> **Supplied data**:

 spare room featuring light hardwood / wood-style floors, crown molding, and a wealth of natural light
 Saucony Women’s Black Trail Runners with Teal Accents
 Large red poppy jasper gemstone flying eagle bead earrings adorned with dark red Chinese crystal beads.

> **Task prompt**: Everything from the line containing "Saucony Women’s Black" through the final line above must be copied exactly, with both ends kept.

> **Result of this exercise**:
 Saucony Women’s Black Trail Runners with Teal Accents
 Large red poppy jasper gemstone flying eagle bead earrings adorned with dark red Chinese crystal beads.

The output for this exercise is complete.